On August 25, 2016, the United States Court of Appeals for the Second Circuit ruled that a consumer class action lawsuit against Amazon.com brought under the Consumer Product Safety Act arising from the sale of a diet pill that contained a banned stimulant would be allowed to proceed in the federal court, rejecting Amazon's contention that the suit was barred by the website's conditions of use, which required arbitration of such disputes.

The plaintiff in this case, Dean Nicosia, allegedly began using the Amazon website in 2008, at which time there was no condition of use requiring arbitration of claims against Amazon. Amazon added a provision requiring arbitration in 2012. Plaintiff denied that he had ever registered for an account, and also pointed out that as of 2008 the website contained a choice of forum clause that required customer disputes to be resolved in the Washington state and federal courts, not in arbitration.

Plaintiff had filed suit in the Eastern District of New York. The district judge granted Amazon's motion to dismiss based on her conclusion that plaintiff had bound himself to arbitrate the claim and further denied his motion for a preliminary injunction based on lack of standing. The Second Circuit overturned the first ruling, but upheld the second.

The Second Circuit's lengthy opinion focuses in large part on the Amazon order page as it appeared during the relevant time period. The page did not require a consumer to state whether he or she agrees to the website's conditions of use as a condition for placing an order, and the conditions were not set forth in bold type or capitalized. Further, the fact that the page contains multiple links of various colors and sizes obscures the terms of use provision. The Court concluded that Amazon did not provide reasonably conspicuous notice of the arbitration provision as was required under the applicable Washington State law to render the provision enforceable. The Court did not finally resolve the issue of whether the provision was enforceable, however, as the decision in the motion to dismiss context addressed only whether Amazon could prove that plaintiff had agreed to mandatory arbitration as a matter of law. But the end result is that Amazon has to litigate in court at least in the first instance concerning a dispute it had hoped would be arbitrated.

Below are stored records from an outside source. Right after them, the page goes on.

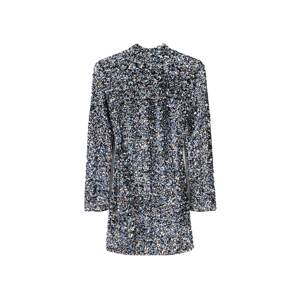 Bershka Kokteilové šaty  čierna / strieborná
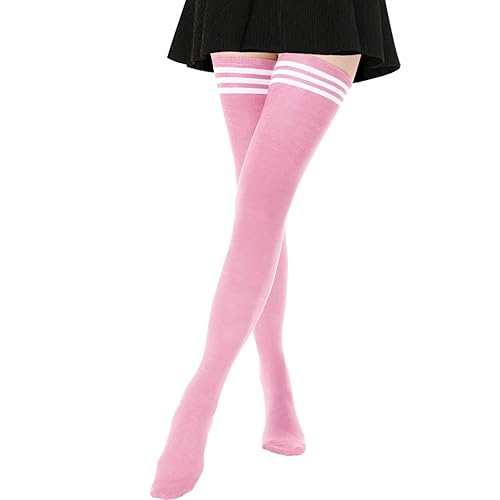 DRESHOW Extra Long High Thigh Socks Striped Over Knee Thin Tights Long Stocking - 1 Pair Longer/Regular: Pink (White Stripe) - 1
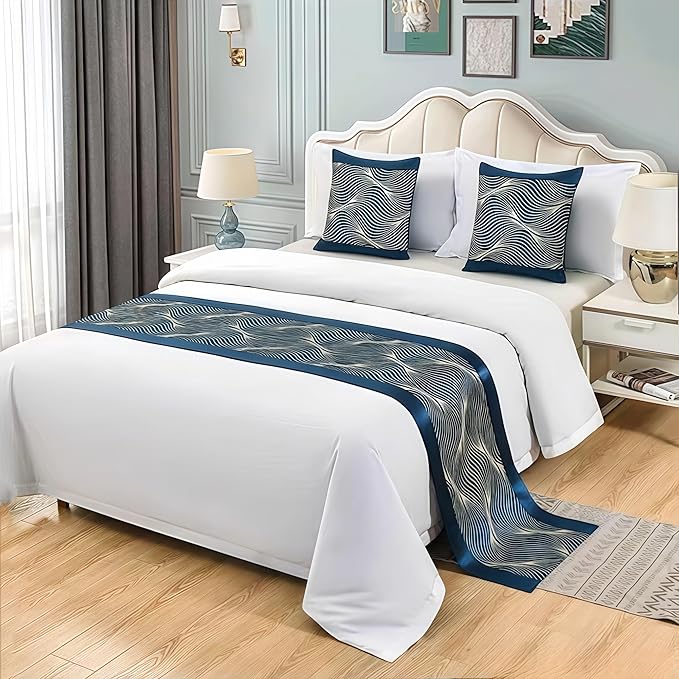 Bed Runner for Guest Room，Luxury Bed Runner，Wedding Bed Runner，Embroidered Bed Runner，Breathable Washable，Hotel Decor，Bed Decorations ，for Home Hotel Decorations(G,50 * 180cm)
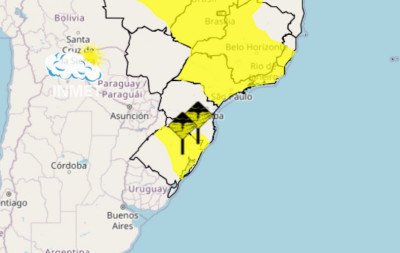 Chuva intensa com acumulado de até 50 milímetros pode atingir regiões do RS nas próximas horas, diz Inmet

Turning to the merits, the Court concluded that plaintiff was not entitled to the injunction he sought to bar sales of the offending product. The product in question, sibutramine, is classified as a Schedule IV stimulant. The FDA withdrew it from the market in 2010 after revelations that the product was associated with increased risk of heart attack and stroke. Amazon stopped selling the product, but it did not issue a notice to past purchasers such as plaintiff that the product contained a banned substance and it did not offer any refunds to consumers. Plaintiff could not show that he was under real or immediate threat of injury because Amazon had ceased selling the product and plaintiff did not allege his intent to use Amazon in the future for any purchases. Nevertheless, plaintiff's putative class action seeking damages will proceed.

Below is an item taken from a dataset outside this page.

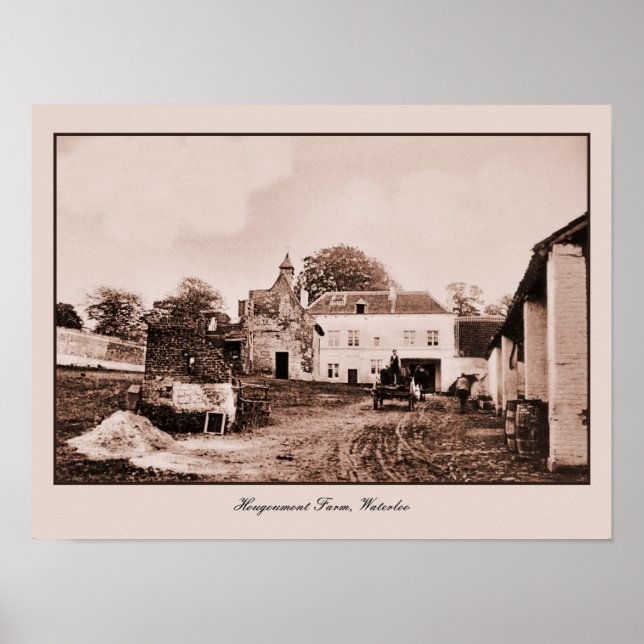 Vintage Hougoumont Farm, Waterloo (klein) Poster (Vorne)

The law applicable to mandatory arbitration in the class action context continues to be the source of endless litigation and new rulings seemingly every week. The takeaway for businesses from this decision is the need to focus on ensuring that the terms of use for the company's website or those set forth in other contexts are as clear and conspicuous as possible such that proof of assent can be adduced if a dispute arises. This is truly a challenge, as the website will generally invite purchases from residents of states with a myriad of requirements for the enforceability of arbitration provisions which might be held applicable in a particular dispute. Hence, it should also be a priority to alert consumers to the applicability of the law of the jurisdiction in which the retailer is headquartered, and to adhere to that state's guidelines for consent to arbitration in consumer transactions.

A link to the decision is here.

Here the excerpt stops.